[Data section]
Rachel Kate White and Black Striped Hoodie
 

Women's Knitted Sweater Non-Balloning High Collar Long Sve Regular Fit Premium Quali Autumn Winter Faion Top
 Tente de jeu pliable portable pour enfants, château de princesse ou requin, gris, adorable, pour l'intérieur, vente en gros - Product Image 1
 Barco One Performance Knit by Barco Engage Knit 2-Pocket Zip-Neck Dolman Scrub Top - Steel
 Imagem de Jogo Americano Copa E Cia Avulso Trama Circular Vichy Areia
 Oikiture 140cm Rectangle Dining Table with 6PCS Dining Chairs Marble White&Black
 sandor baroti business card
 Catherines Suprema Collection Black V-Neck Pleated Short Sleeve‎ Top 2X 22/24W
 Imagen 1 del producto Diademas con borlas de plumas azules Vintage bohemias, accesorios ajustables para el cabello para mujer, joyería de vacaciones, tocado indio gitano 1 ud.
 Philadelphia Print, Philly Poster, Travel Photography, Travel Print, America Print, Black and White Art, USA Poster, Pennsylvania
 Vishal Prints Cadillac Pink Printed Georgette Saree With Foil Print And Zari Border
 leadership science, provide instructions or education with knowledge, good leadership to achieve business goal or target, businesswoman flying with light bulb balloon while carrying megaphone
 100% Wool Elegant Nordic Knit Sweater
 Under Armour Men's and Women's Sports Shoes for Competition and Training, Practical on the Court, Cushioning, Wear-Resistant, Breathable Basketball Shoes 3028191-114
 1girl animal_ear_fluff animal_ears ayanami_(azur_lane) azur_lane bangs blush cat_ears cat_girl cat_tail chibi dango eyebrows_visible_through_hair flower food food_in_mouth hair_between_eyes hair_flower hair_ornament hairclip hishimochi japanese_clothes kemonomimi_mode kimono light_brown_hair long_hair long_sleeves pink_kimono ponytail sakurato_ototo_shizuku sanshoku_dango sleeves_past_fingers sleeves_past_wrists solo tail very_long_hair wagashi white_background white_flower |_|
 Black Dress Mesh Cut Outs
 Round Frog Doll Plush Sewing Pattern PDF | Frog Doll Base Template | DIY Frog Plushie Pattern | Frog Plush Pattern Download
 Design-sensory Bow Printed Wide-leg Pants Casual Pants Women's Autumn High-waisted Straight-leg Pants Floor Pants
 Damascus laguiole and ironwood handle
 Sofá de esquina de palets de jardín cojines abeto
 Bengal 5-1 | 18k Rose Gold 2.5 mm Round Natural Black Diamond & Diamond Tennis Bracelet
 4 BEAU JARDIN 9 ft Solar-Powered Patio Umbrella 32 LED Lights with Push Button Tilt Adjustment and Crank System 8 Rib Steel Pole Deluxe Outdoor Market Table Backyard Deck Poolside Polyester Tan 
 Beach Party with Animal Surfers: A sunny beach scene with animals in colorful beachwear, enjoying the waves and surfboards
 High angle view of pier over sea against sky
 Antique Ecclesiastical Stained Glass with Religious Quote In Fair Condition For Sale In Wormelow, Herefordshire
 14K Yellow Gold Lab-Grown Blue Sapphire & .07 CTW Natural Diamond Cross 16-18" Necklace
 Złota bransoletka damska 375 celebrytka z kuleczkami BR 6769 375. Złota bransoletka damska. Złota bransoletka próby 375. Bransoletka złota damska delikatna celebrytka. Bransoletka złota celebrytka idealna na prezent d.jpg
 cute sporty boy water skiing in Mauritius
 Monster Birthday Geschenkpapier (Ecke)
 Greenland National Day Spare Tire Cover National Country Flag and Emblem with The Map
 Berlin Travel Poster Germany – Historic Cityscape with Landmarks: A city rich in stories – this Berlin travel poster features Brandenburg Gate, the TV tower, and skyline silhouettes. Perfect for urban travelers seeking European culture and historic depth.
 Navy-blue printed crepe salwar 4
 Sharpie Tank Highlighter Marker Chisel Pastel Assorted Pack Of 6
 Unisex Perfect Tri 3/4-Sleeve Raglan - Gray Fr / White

[Exercise instructions] Find where the line with "Under Armour Men's" sits in the material above, then copy exactly from it through the line with "Berlin Travel Poster Germany". Add no other line.

[Answer to this problem]
 Under Armour Men's and Women's Sports Shoes for Competition and Training, Practical on the Court, Cushioning, Wear-Resistant, Breathable Basketball Shoes 3028191-114
 1girl animal_ear_fluff animal_ears ayanami_(azur_lane) azur_lane bangs blush cat_ears cat_girl cat_tail chibi dango eyebrows_visible_through_hair flower food food_in_mouth hair_between_eyes hair_flower hair_ornament hairclip hishimochi japanese_clothes kemonomimi_mode kimono light_brown_hair long_hair long_sleeves pink_kimono ponytail sakurato_ototo_shizuku sanshoku_dango sleeves_past_fingers sleeves_past_wrists solo tail very_long_hair wagashi white_background white_flower |_|
 Black Dress Mesh Cut Outs
 Round Frog Doll Plush Sewing Pattern PDF | Frog Doll Base Template | DIY Frog Plushie Pattern | Frog Plush Pattern Download
 Design-sensory Bow Printed Wide-leg Pants Casual Pants Women's Autumn High-waisted Straight-leg Pants Floor Pants
 Damascus laguiole and ironwood handle
 Sofá de esquina de palets de jardín cojines abeto
 Bengal 5-1 | 18k Rose Gold 2.5 mm Round Natural Black Diamond & Diamond Tennis Bracelet
 4 BEAU JARDIN 9 ft Solar-Powered Patio Umbrella 32 LED Lights with Push Button Tilt Adjustment and Crank System 8 Rib Steel Pole Deluxe Outdoor Market Table Backyard Deck Poolside Polyester Tan 
 Beach Party with Animal Surfers: A sunny beach scene with animals in colorful beachwear, enjoying the waves and surfboards
 High angle view of pier over sea against sky
 Antique Ecclesiastical Stained Glass with Religious Quote In Fair Condition For Sale In Wormelow, Herefordshire
 14K Yellow Gold Lab-Grown Blue Sapphire & .07 CTW Natural Diamond Cross 16-18" Necklace
 Złota bransoletka damska 375 celebrytka z kuleczkami BR 6769 375. Złota bransoletka damska. Złota bransoletka próby 375. Bransoletka złota damska delikatna celebrytka. Bransoletka złota celebrytka idealna na prezent d.jpg
 cute sporty boy water skiing in Mauritius
 Monster Birthday Geschenkpapier (Ecke)
 Greenland National Day Spare Tire Cover National Country Flag and Emblem with The Map
 Berlin Travel Poster Germany – Historic Cityscape with Landmarks: A city rich in stories – this Berlin travel poster features Brandenburg Gate, the TV tower, and skyline silhouettes. Perfect for urban travelers seeking European culture and historic depth.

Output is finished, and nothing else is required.